Change changing places

Blogging is becoming harder to do.  I didn’t start it for me to have a place to complain about everything.  I’ve always felt like I had a lot of information in my head and thought I could spit out something valuable every now and then.

So I’ve started a personal journal somewhere else that I’m going to use to complain about my life and use this for something more.

I also would like to go back and start writing some articles on LinkedIn about leadership.  The hard part is figuring out what I’ve already posted.  I’m sure I can put out repeating articles if there’s a year or two between them.

Writing is what keeps me sane.  My lack of writing about everything has caused a stroke in my soul.  I’ve got to figure out how to unclog the blockage.

Hopefully, these changes will help.

MJDB

Feeling stronger every day.

The stress has turned around.  The back pain hasn’t gone away, but I realized that part of my problem is that I feel like I’m constantly being criticized and not getting much appreciation.

Is it true?
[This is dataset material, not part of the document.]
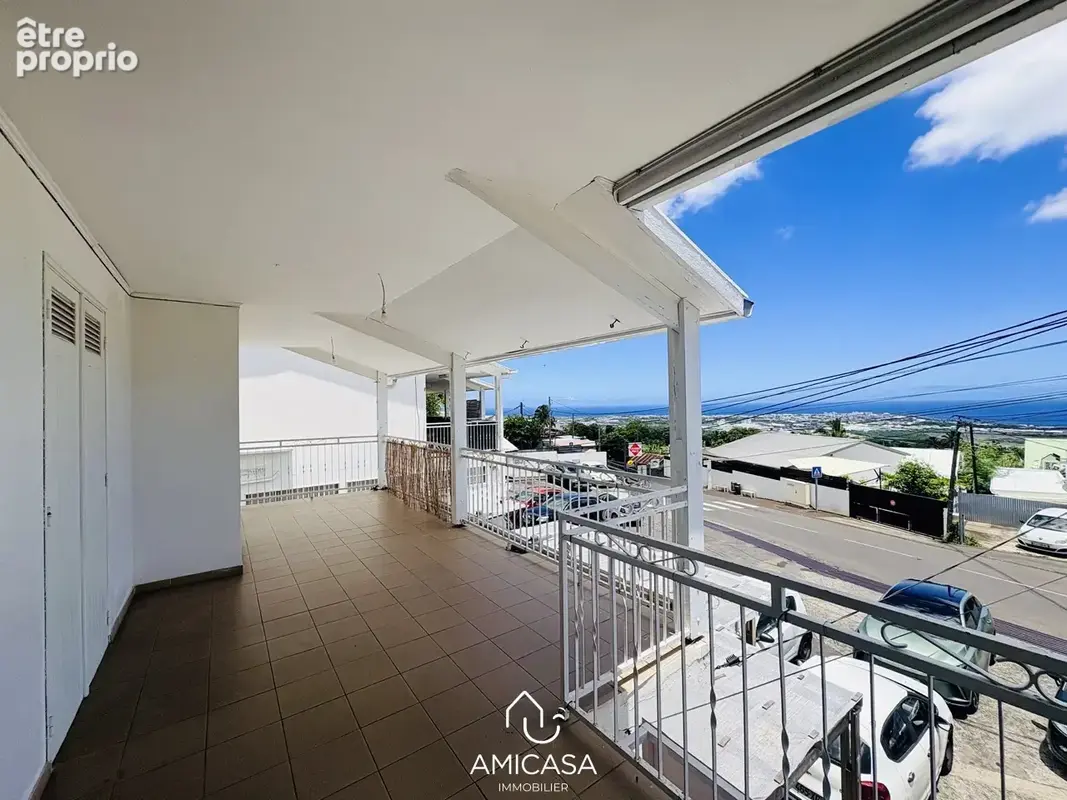 La possession (reunion) - immeuble de rapport avec 1t4 + 3 locaux commerciaux - photo 3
I don’t know, but that’s what I’ve been feeling.

My body hurts, and I’m told I can’t do very much because of it.  Vacation in New Orleans was a disaster because I couldn’t walk very far and had to use a cane.  I think it could have been so much better if I wasn’t in pain.

Thank goodness we didn’t go to San Francisco like I wanted. I would be twice as upset.

So now that I know the issue, it feels less of a problem.  I can convince myself that this is just pain, and it will go away eventually.

It’s less stressful knowing it’s my broken body and not my broken brain.

MJDB

It’s late.

This morning was full of anger.  Woke up with lots of back pain.  Once I got to work,  things started to settle down.  I’m thankful that my job involves mostly sitting.

Listened to some relaxing music before lunch. It’s not always easy to listen to music because there’s usually something going on around me. That’s what I get for sitting in chair #2.

Since Sunday, when I talked to my counselor, I feel a little bit better, this morning being an exception.

Mindfulness hasn’t been helping for a long time, but it’s working better now.  I can remember how to relax.

MJDB

Something better.

I’m tired today and still complaining.  Cpap is supposed to help me sleep better, but I think my physical pain is keeping me awake.

I don’t really want this blog to be all about my problems, but it seems that’s all I have lately. Pain causing depression causing lack of focus causing me to play video games till its bed time.   I guess this is me now.

I went back to talking to my counselor again, and I felt okay for a little bit.  But I woke up angry again.  Something has changed, and I need to figure out how to change it back or change it to something better.

Suppose it should be something better.